WHAT IS EXPECTED:
Only these lines, please: the first one of the records through the one containing "When the chip", retyped exactly, both ends included and pictures omitted.
** Opening MATERIAL TO PROCESS block **
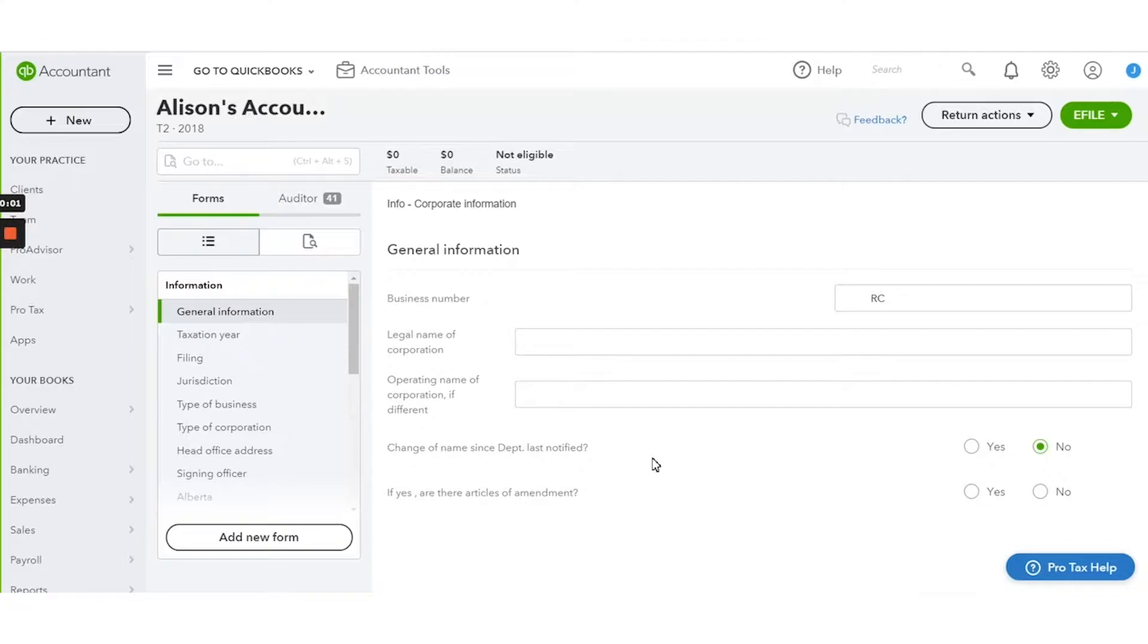Hello, this is Justin from the Protex team. Today I'm going to show you the T1 and T2 forms list.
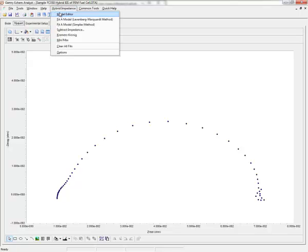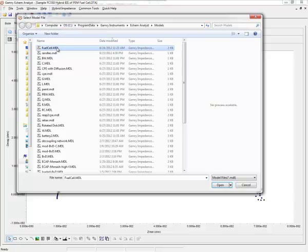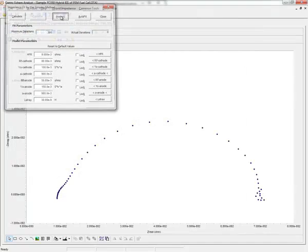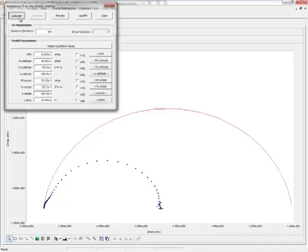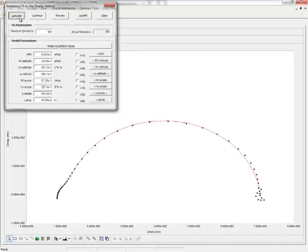Click on the Hybrid Impedance menu, fit a model, load up that fuel cell model, and then I would click on Preview to see how these default values would look. These values are close enough to the actual data that I can click Calculate and get a fit.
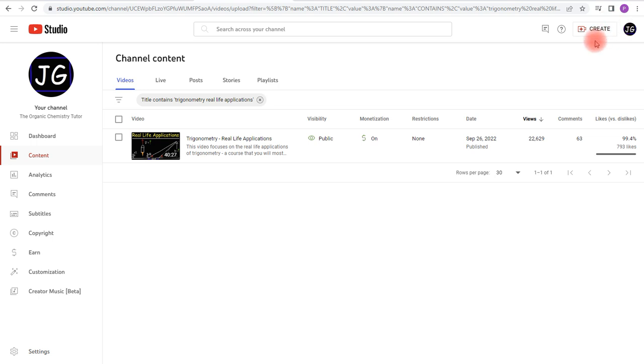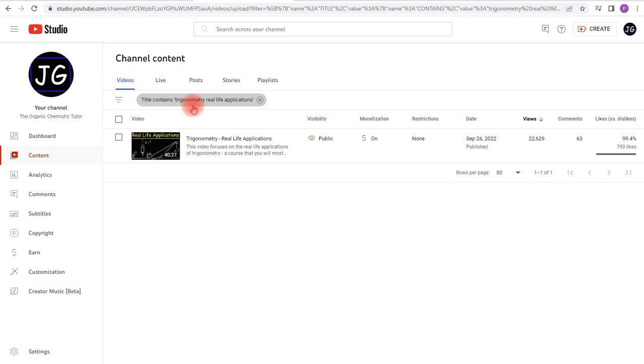So once you log into YouTube Studio, on the left, go to Content, and then search out the particular video in which you want to add chapters to.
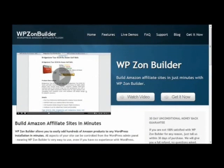Hello everyone, this is Lewis, your captain speaking, and this is the WP ZonBuilder version 2 demonstration video.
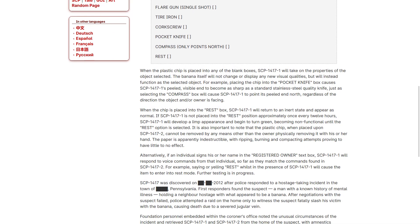When the chip is placed into the rest box, one will return to an inert state and appear as normal. If one is not placed into the rest position approximately once every 12 hours, one will develop a limp appearance and begin to turn green, becoming non-functional until the rest option is selected. It is also important to note that the plastic chip, when placed upon two, cannot be removed by any means other than the owner physically removing it with his or her hand. The paper is apparently indestructible, with ripping, burning, and compacting attempts proving to have had little to no effect.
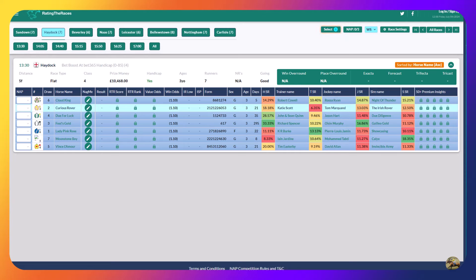Hi everyone, it's Liam here from Racing the Races. We've got racing tomorrow at loads of different courses. What have we got? Sandown, Haydock, Beverley, Nace, Leicester, Bellystown, Nottingham and Carlisle. So lots to get stuck into. Let's go through my thoughts for some of the racing tomorrow.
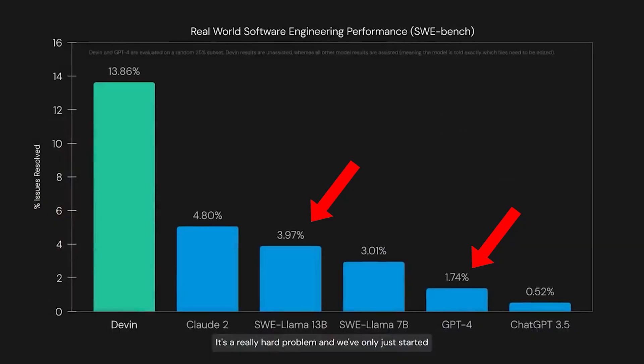And the one that they seem to be highlighting the most is their performance on the SWE bench. There is a huge problem with how this company is reporting its results on this benchmark, which I will get to in a second. But first, let's look at the benchmark itself. Now, when I see a benchmark that has Llama outperforming GPT-4, I'm telling you, that is a red flag.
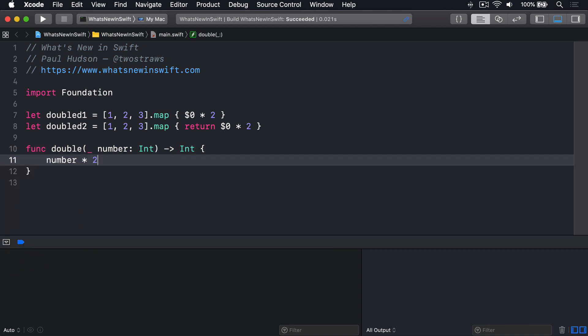That will probably cause some people to do a double take at first, but I'm sure it'll become second nature over time.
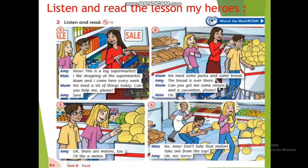'Can you get me some onions and a cucumber, please? Okay. Oh, there are melons too! I'd like a melon. No, Emmy, don't take that melon — take one from the top. Oh no, sorry!' Now listen, my students.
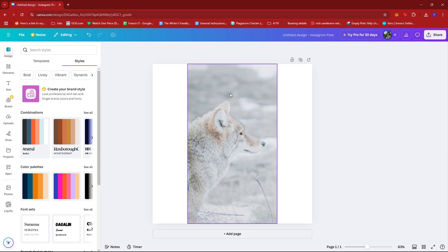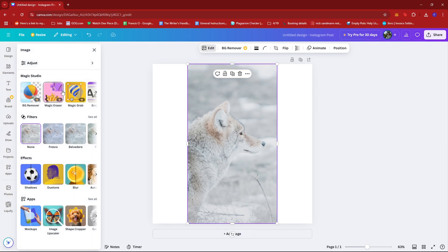Now once you have your image, click on the image and then select edit right on this toolbar. Then on the left side scroll down and click on see all under apps.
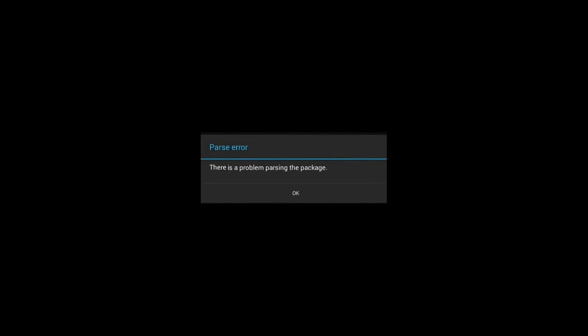Hello friends. One of the popular errors is the parse error — there is a problem parsing the package while installing several applications. You'll be getting this error message for lots of reasons. Today we'll be dealing with all the possible reasons and solutions. One of these reasons will definitely help you fix the problem.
** Closing MATERIAL TO PROCESS block **
YOUR RESPONSE:
Hello, this is Justin from the Protex team. Today I'm going to show you the T1 and T2 forms list.
Click on the Hybrid Impedance menu, fit a model, load up that fuel cell model, and then I would click on Preview to see how these default values would look. These values are close enough to the actual data that I can click Calculate and get a fit.
So once you log into YouTube Studio, on the left, go to Content, and then search out the particular video in which you want to add chapters to.
Hello everyone, this is Lewis, your captain speaking, and this is the WP ZonBuilder version 2 demonstration video.
When the chip is placed into the rest box, one will return to an inert state and appear as normal. If one is not placed into the rest position approximately once every 12 hours, one will develop a limp appearance and begin to turn green, becoming non-functional until the rest option is selected. It is also important to note that the plastic chip, when placed upon two, cannot be removed by any means other than the owner physically removing it with his or her hand. The paper is apparently indestructible, with ripping, burning, and compacting attempts proving to have had little to no effect.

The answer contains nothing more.